There are two kinds of people who reach management levels and stay there. The first kind believe in the work/life balance theory, where you work to support your life, and have exceptionally strong work ethics that propel success. The second kind live to work. Career defines them and IS a huge chunk of their life, not just the paycheck chunk.

I know and respect both types and I think they're both valid. I'm more of the first- work is for sustenance, life is for living- and I've heard people like me get very judgy about the second, assuming they are rat racers. And I've heard some rat racers describe people like me as living for payday and quitting time.
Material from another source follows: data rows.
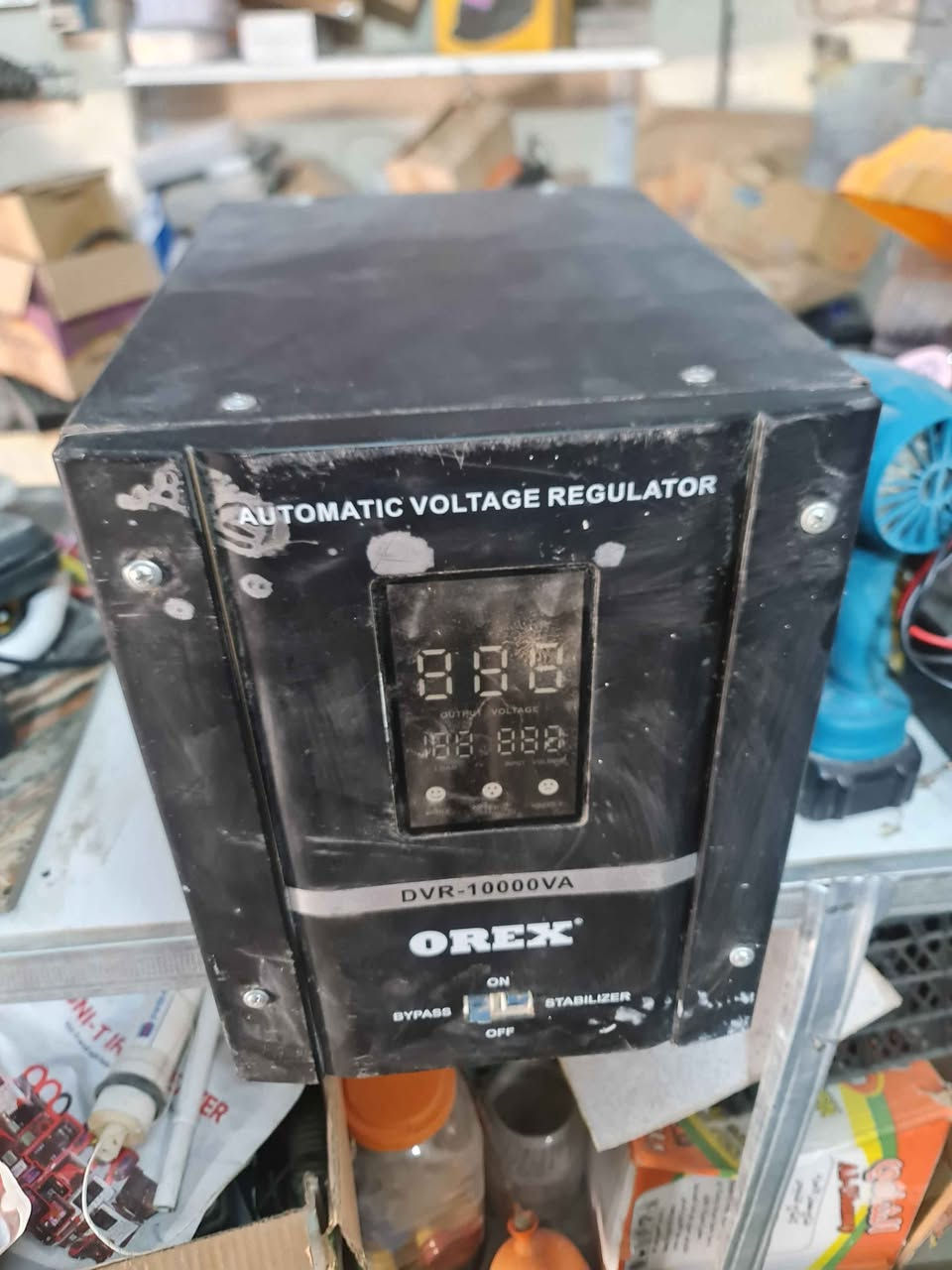 السلام عليكم منظم فولتية بيه مشكلة من اربطه بالكهرباء تنزل الجوزة وابيعه على وضعه ب٤٥ الف 
مشتريه قبل سنه ب 250 دولار بس لان بيه مشكلة ابيعه فحم 
ماعندي توصيل يعني تجي تاخذه من عندي مباشرتا 
مكاني بغداد الشعب مجاور محطه سما بغداد 
***********
موجود واتسب بغداد, العراق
As long as what you're doing is what you want to be doing, you have work/life balance. 80 hours a week focused on the job is as fulfilling for a rat racer as 40 hours focused on a paycheck and 40 hours pursuing outside interests is for me.
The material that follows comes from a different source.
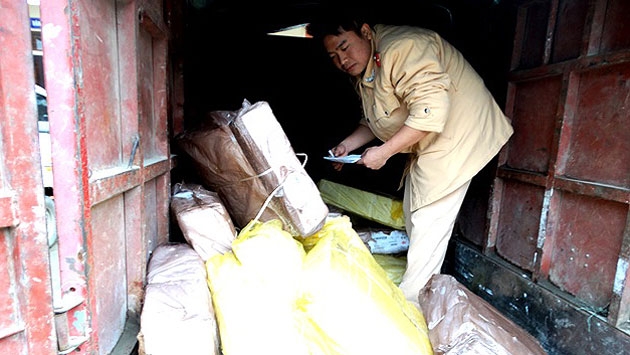  300 kg ch&acirc;n g&agrave; &ldquo;bẩn&rdquo; kh&ocirc;ng r&otilde; nguồn gốc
The MBA phenomenon does matter if you're young, I think. It's code for "the job is my life" for one thing. And if you are 28 competing against a more experienced 35 year old for an executive position, it helps balance your resume. But, yeah, it does seem redundant after you reach a certain point in your career without it.

PJD said...

I suppose I'm biased. After college I spent several years in startups, and at 26 I was managing a group of four+ people in a tech pubs department. I realize this is not an option open to everyone, but I think it's way better than school. Why? Because school is the study of other people's successes and failures in the past. School is preparation by hindsight. While you can certainly learn by looking at what has happened to others in the past, I think you learn a lot more by having to plan for the future and perform in the present, with real consequences.

I don't think school can substitute for experience. In the same way that reading a book about writing can not possibly teach you as much as the act of writing can.

In the example of a 28 year old with an MBA competing against a more experienced 35 year old without one... unless you're naturally a phenomenally talented 28 year old I am going to hire the 35 year old every time. When that 28 year old has seven years more experience, and he's now a 35 year old competing against another 35 year old, the MBA may carry a little weight for me, but not much. By that point, I expect you to have a strong track record.

Perhaps what's happened is that the supply of MBA programs has outstripped the real demand, and the resulting glut of MBA degrees has watered down its meaning. Of course, the real pedigreed programs (Harvard, Stanford, etc.) will always carry significant weight. But those people typically don't have to go through the resume slush anyway.

Stephen Parrish said...

I don't think school can substitute for experience. In the same way that reading a book about writing can not possibly teach you as much as the act of writing can.

Agree. My brother earned an MBA and told me afterwards it was a waste of time and money. But he got a job. And that's really the point: as long as employers select the MBA grads over the others, an MBA will be a valuable credential.

Unless, of course, you're applying to work for Peter Dudley . . .

Sarah Laurenson said...

While I love the idea of going to school just for the sake of going to school, I have to say that practical experience is sadly underrated. I work with too many people steeped in theory who look blank when their theory fails in practice. But they get paid more because they have that advanced degree. At least they do at the start.

I have two bachelor's, but I hold my own because I know (most of the time) what I'm talking about. Experience counts, but it is sometimes harder to get your foot in the door without that slip of paper. And in this economy, that's becoming even more of a problem. We have people with very advanced degrees flipping burgers. And not because they want to.

jjdebenedictis said...

My uncle went to school with a fellow who got outrageously high grades. When they both began applying for jobs, of course the genius got snapped up.

My uncle said he felt sorry for the employers because Mr. Genius was the laziest person my uncle had ever met.

The proof is in the doing, and it's actually a bit scary how many kids come out of school and realize the hard way they don't know how to do the things they've learned about.